Claimant's X-ray evidence consisted of three films. The first, dated May 31, 1972, was read by Dr. George C. King, a family practice specialist, as consistent with pneumoconiosis, type § with profusion 1/2. This film was reread by a "B" reader, Dr. John Dennis, who reported that it did not show pneumoconiosis. A second film, taken June 1, 1972, was also reread as negative by Dr. Dennis.
An X-ray film dated June 21, 1972 was read by "A" reader Dr. Ilona Scott as showing pneumoconiosis, type 1/1 p. This film was reread as negative by Dr. Dennis and two other "B" readers.
Following the denial of benefits by the Administrative Law Judge (ALJ), claimant submitted a report by Dr. Kailish Mathur, a "B" reader, indicating that all three of the above films showed pneumoconiosis, type p & q 1/1. The Appeals Council found the earlier negative rereadings controlling, remarking "(i)nasmuch as these physicians are final "B" readers, as is Dr. Mathur, the Council is of the opinion that no single interpretation of a chest film is binding on the Social Security Administration."
In Whitman v. Califano, 617 F.2d 1055 (4th Cir. 1980), we reversed the Secretary's denial of benefits where X-ray interpretations by certain B readers had been arbitrarily rejected. The decision in Whitman was based both on the regulation making the initial "B" reader's interpretation final, 42 C.F.R. § 37.52,1 and the requirement that the Secretary have a rational basis for preferring one "B" reader's interpretation over another. In this case, 42 C.F.R. § 37.52 is not controlling, and we think the fact that two additional "B" readers read Winfrey's most recent film as negative provided an expert, rational basis for resolving the conflict between the serial rereadings of Drs. Dennis and Mathur.
The single pulmonary function study submitted by claimant was also insufficient to establish totally disabling pneumoconiosis. In order to qualify under 20 C.F.R. § 410.490(b)(ii) claimant would have to show that decedent, who was 663/4 inches in height, had an FEV 1 at or below 2.3 and an MVV at or below 96. The single study performed yielded an FEV 1 value of 3.55 and an MVV of 152, well above qualifying values.

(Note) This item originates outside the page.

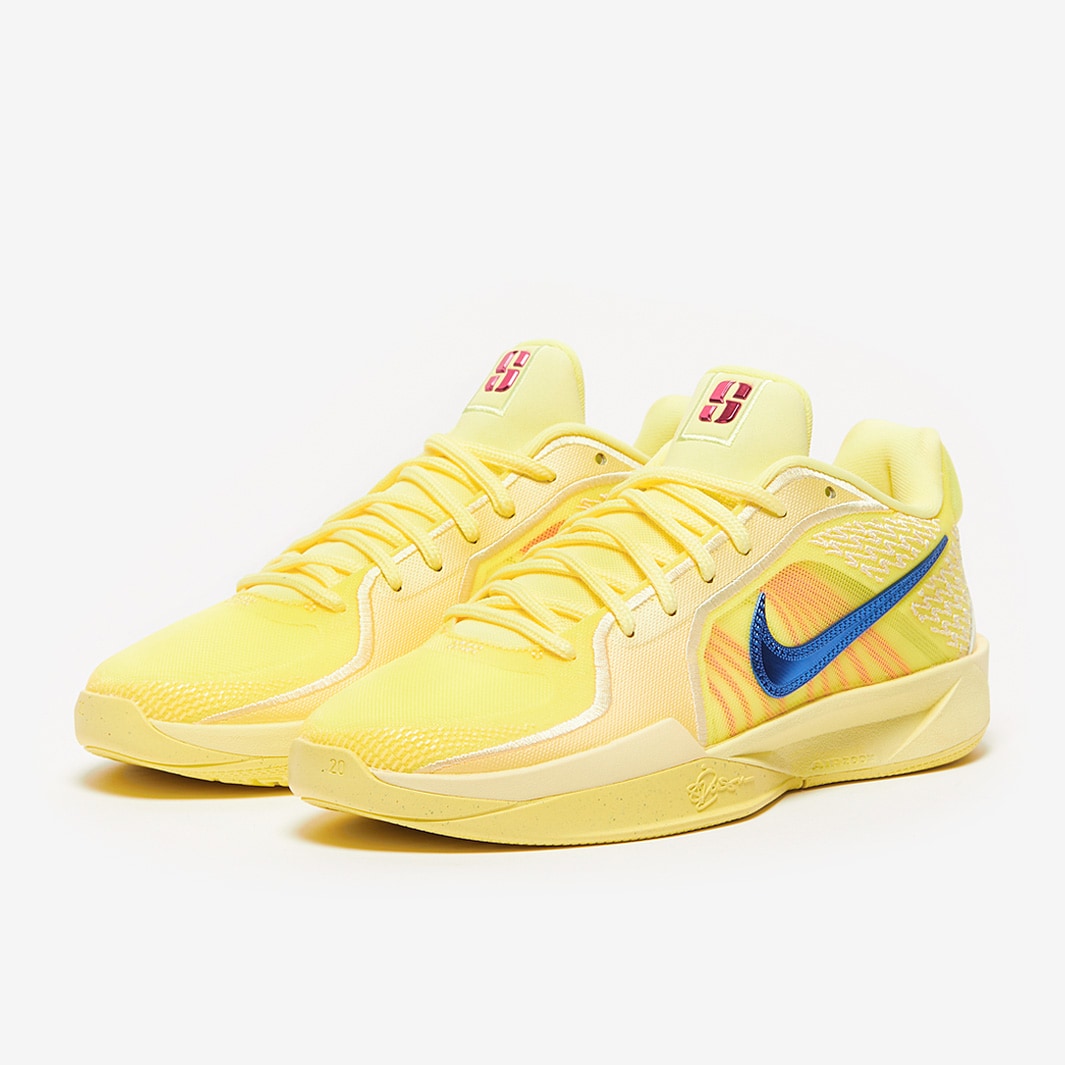 womens basketball sneakers size 8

Since neither the X-rays nor the pulmonary study established totally disabling pneumoconiosis under either the interim standards of 20 C.F.R. § 410.490 or the more stringent permanent criteria, we turn to the remaining question concerning entitlement under the "fifteen-year presumption." See generally Petry v. Califano, 577 F.2d 860 (4th Cir. 1978). Claimant contends the case must be remanded because the Secretary did not consider the combined claims under § 410.414(b), despite testimony that decedent had spent twenty-two years in the mines. We agree that this presumption was not specifically cited in the Secretary's evaluation of the evidence, but we do not think a remand is required.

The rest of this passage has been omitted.